Kejaksaan Agung (Kejagung) membuka peluang untuk mengusut dugaan tindak pidana pencucian uang (TPPU) dalam kasus pembalakan liar kayu meranti di hutan di Pulau Sipora, Kepulauan Mentawai, Sumatera Barat.
“Sementara dalam penyidikan dikenakan UU Kehutanan dan bukan hal yang nggak mungkin bisa saja dikenakan UU lain seperti TPPU,” kata Kapuspenkum Kejagung, Anang Supriatna, kepada wartawan, Rabu (15/10).
Saat ini, sudah dua pihak yang dijerat sebagai tersangka. Mereka adalah tersangka perorangan berinisial IM dan tersangka korporasi bernama PT Berkah Rimba Nusantara (BRN).
Perkara ini kini ditangani bersama oleh Ditjen Gakkum Kementerian Kehutanan dan Kejaksaan Agung. Para tersangka sementara dijerat dengan UU Kehutanan dan UU Pencegahan Perusakan Hutan, dengan ancaman pidana 15 tahun penjara dan denda maksimal Rp 15 miliar.
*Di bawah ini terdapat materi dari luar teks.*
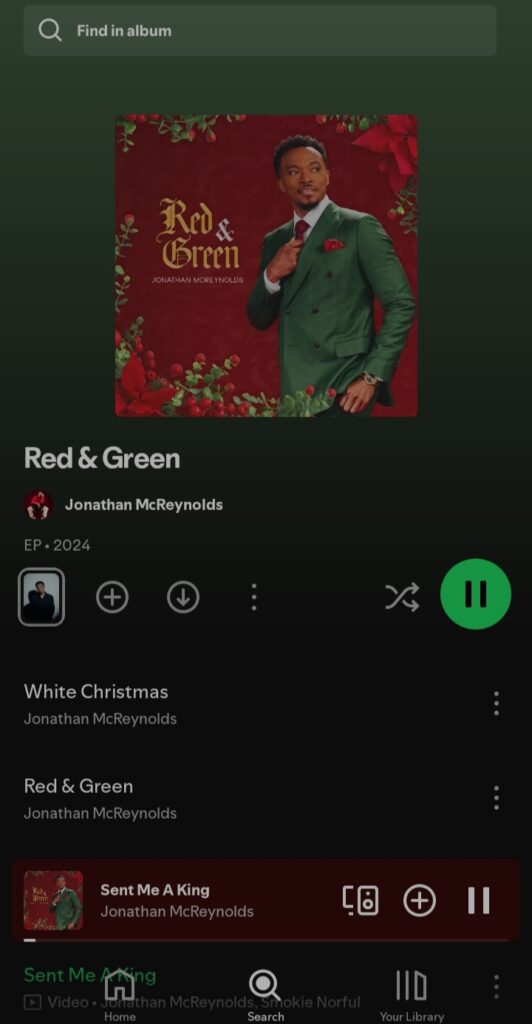 Jonathan McReynolds' Red and Green EP on Spotify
Menurut Anang, pengembangan penyidikan bisa dilakukan bergantung pada hasil pendalaman yang dilakukan.
“Kita lihat aja hasil pendalaman penyidikan tim Gakkum,” ucap Anang.

Pembalakan liar itu mengakibatkan kerusakan mencapai 730 hektare di Hutan Sipora, termasuk jalan hauling dalam kawasan hutan produksi seluas 7,9 hektare.
Praktik ini terungkap ketika Satgas PKH menemukan 4.610 meter kubik kayu bulat meranti ilegal. Kayu tersebut diangkut menggunakan tongkang Kencana Sanjaya dan tugboat Jenebora 1 dan kemudian diamankan di Pelabuhan Gresik, Jawa Timur.
Modusnya, para tersangka melakukan pemalsuan dokumen legalitas kayu. Sebenarnya, PT BRN hanya mengantongi Pemegang Hak Atas Tanah (PHAT) seluas 140 hektare.
Namun, dengan dokumen tersebut seolah-olah menunjukkan bahwa kayu yang ditebang merupakan barang yang sah dan berizin. Padahal, kayu yang diperoleh berasal dari hutan kawasan yang tidak berizin.
Imbas praktik pembalakan liar ini, terjadi kerusakan ekosistem flora dan fauna. Diperkirakan, butuh 60 hingga 100 tahun untuk pemulihannya.